Wesley’s second rule for the right use of money was Save all you can. He urged his hearers not to spend money merely to gratify the desires of the flesh, the desires of the eye, or the pride of life. He cried out against expensive food, fancy clothes, and elegant furniture: “Despise delicacy and variety and be content with what plain nature requires.”
Wesley had two reasons for telling Christians to buy only necessities. The obvious one was so they would not waste money. The second was so they would not increase their desires.
The old preacher wisely pointed out that when people spend money on things they do not really need, they begin to want more things they do not need. Instead of satisfying their desires, they only increase them.
Wesley’s third rule was Give all you can. One’s giving should begin with the tithe. He told the one who does not tithe, “Thou dost undoubtedly set thy heart upon thy gold” and warned, “It will ‘eat thy flesh as fire!’”
But one’s giving should not end at the tithe. All of the Christian’s money belongs to God, not just the first tenth. Believers must use 100 percent of their income as God directs.
And how has God directed Christians to use their incomes? Wesley listed four scriptural principles:
- Provide things needful for yourself and your family (I Tim. 5:8). The believer should make sure the family has “a sufficiency of plain, wholesome food to eat, and clean raiment to put on” as well as a place to live and enough to live on if something were to happen to the breadwinner.
- “Having food and raiment, let us be therewith content” (I Tim. 6:8) . “Whoever has sufficient food to eat, and raiment to put on, with a place to lay his head, and something over, is rich,” he said.

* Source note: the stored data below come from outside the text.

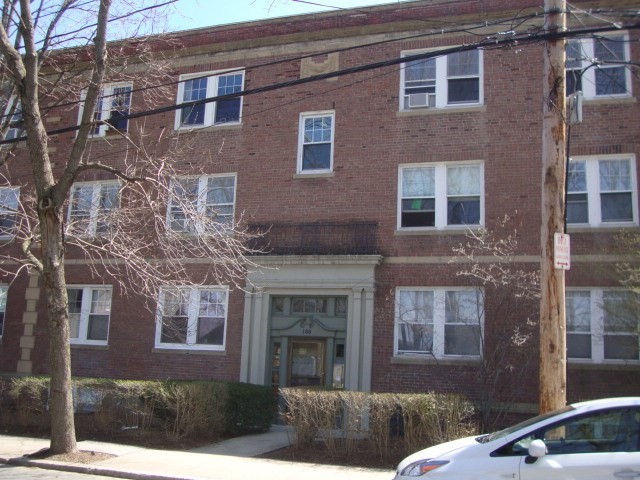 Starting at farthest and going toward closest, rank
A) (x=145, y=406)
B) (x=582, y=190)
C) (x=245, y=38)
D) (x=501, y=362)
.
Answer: (x=245, y=38) → (x=582, y=190) → (x=501, y=362) → (x=145, y=406)

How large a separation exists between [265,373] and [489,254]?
605cm

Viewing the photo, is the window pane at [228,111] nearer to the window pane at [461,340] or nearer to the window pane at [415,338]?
the window pane at [415,338]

- “Provide things honest in the sight of all men” (Rom. 12:17) and “Owe no man anything” (Rom. 13:8). Wesley said the next claim on a Christian’s money is the creditors’. He adds that those who are in business for themselves need to have adequate tools, stock, or capital for the carrying on of that business.
- “As we have therefore opportunity, let us do good unto all men, especially unto them who are of the household of faith” (Gal. 6:10). After the Christian has provided for the family, the creditors, and the business, the next obligation is to use any money that is left to meet the needs of others.
In giving these four biblical principles, Wesley recognized some situations were not clear-cut. He accordingly offered four questions to help his hearers decide how to spend money:
- In spending this money, am I acting like I own it, or am I acting like the Lord’s trustee?
- What Scripture requires me to spend this money this way?
- Can I offer up this purchase as a sacrifice to the Lord?
- Will God reward me for this expenditure at the resurrection of the just?
In 1744 Wesley wrote, “When I die if I leave behind me ten pounds...you and all mankind can bear witness against me, that I have lived and died a thief and a robber.” When he died in 1791, the only money mentioned in his will was the miscellaneous coins to be found in his pockets and dresser drawers. Most of the 30,000 pounds he had earned in his lifetime he had given away. As Wesley said, “I cannot help leaving my books behind me whenever God calls me hence; but in every other respect, my own hands will be my executors.”
--This article was adapted from Leadership magazine, Winter 1987. At that time, Charles Edward White was an assistant professor of Christian thought and history at Spring Arbor College in Michigan.